== Provided information ==
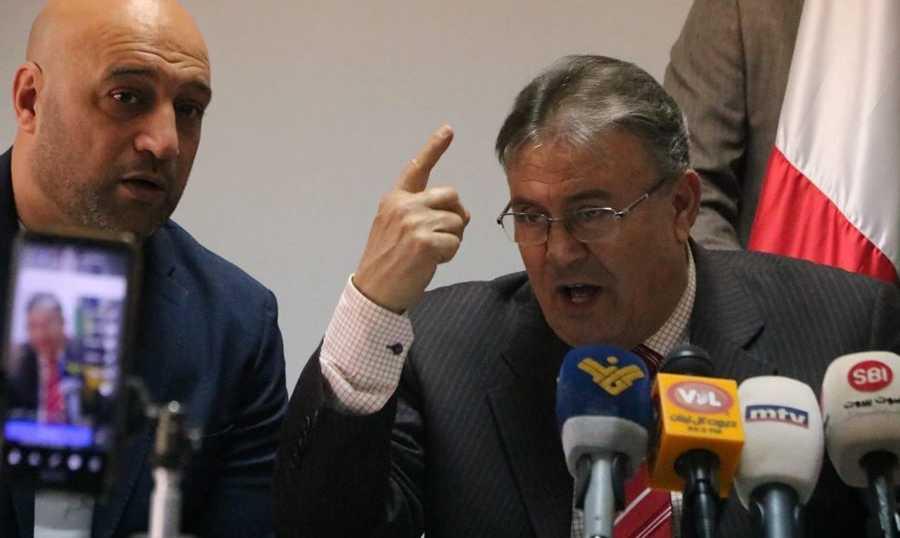 محفوظ: نريد قسماً من رواتبنا بالدولار!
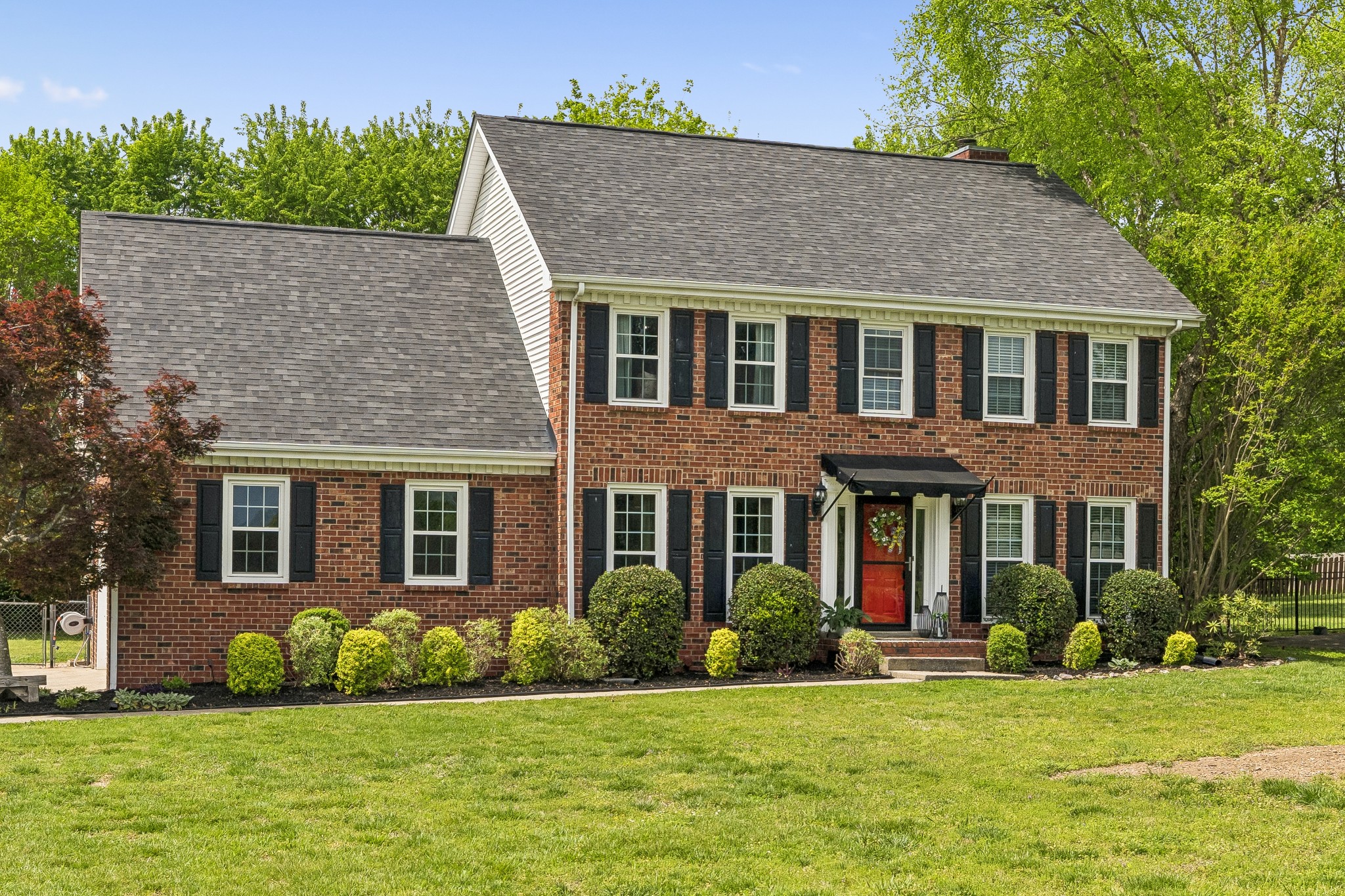 2884 Cages Bend Rd, Gallatin, TN 37066
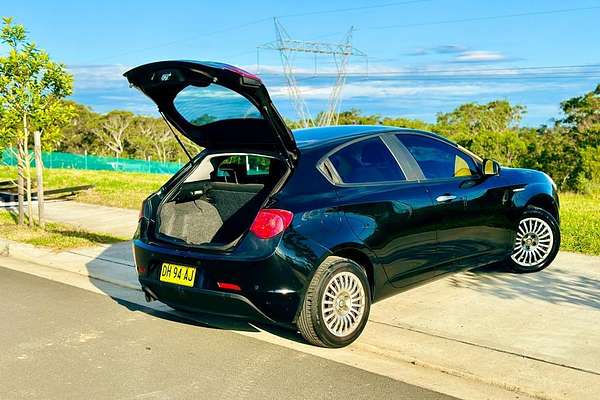 2013 Alfa Romeo Giulietta Progression Series 0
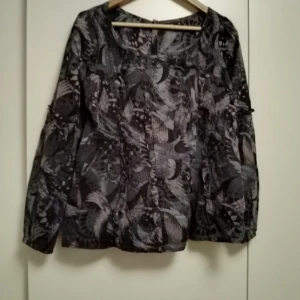 Sval Vintage Blus L  - Mönstrad blus Vintage  Flowy lätt och tunn Storlek: Large 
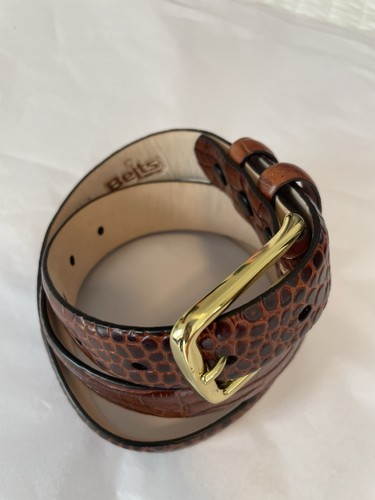 Cintura vera pelle di vitello italiana coccodrillo cammello marrone 36 fibbia ottone USA - Foto 3 di 12
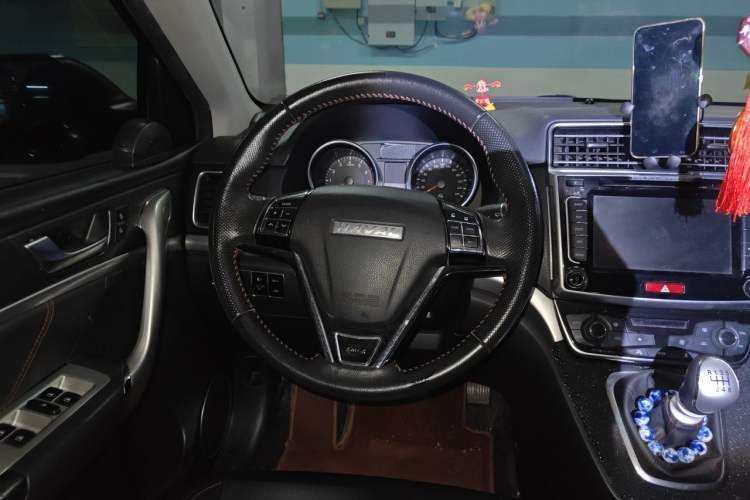 Used Haval M6 2017 1.5T Manual Two-Wheel Drive Elite Model Steering Wheel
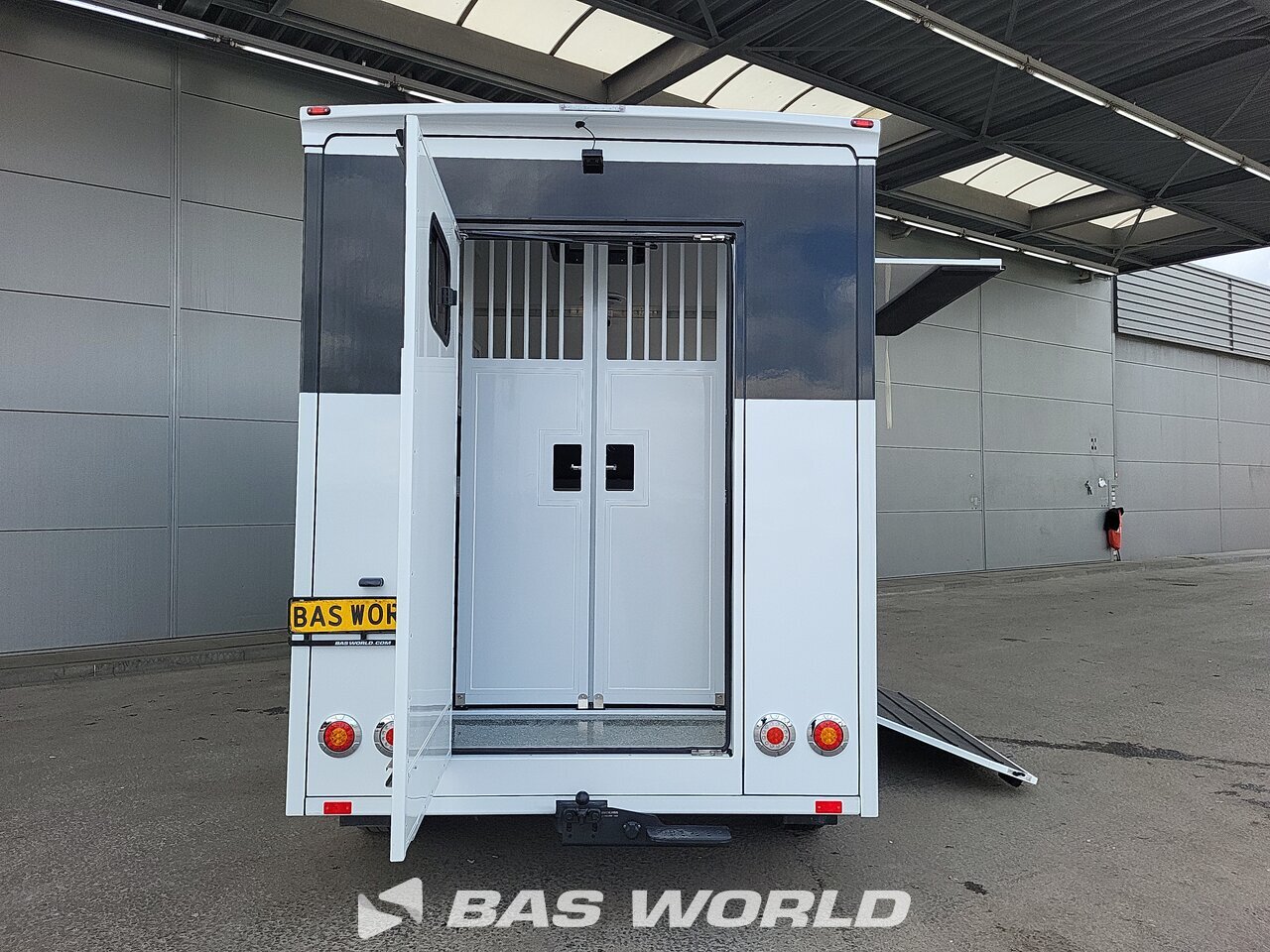 Other : Renault Master 165PK Camion chevaux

== Task goal ==
Without including any picture, output all the material exactly as it appears.

== Problem solution ==
 محفوظ: نريد قسماً من رواتبنا بالدولار!
 2884 Cages Bend Rd, Gallatin, TN 37066
 2013 Alfa Romeo Giulietta Progression Series 0
 Sval Vintage Blus L  - Mönstrad blus Vintage  Flowy lätt och tunn Storlek: Large 
 Cintura vera pelle di vitello italiana coccodrillo cammello marrone 36 fibbia ottone USA - Foto 3 di 12
 Used Haval M6 2017 1.5T Manual Two-Wheel Drive Elite Model Steering Wheel
 Other : Renault Master 165PK Camion chevaux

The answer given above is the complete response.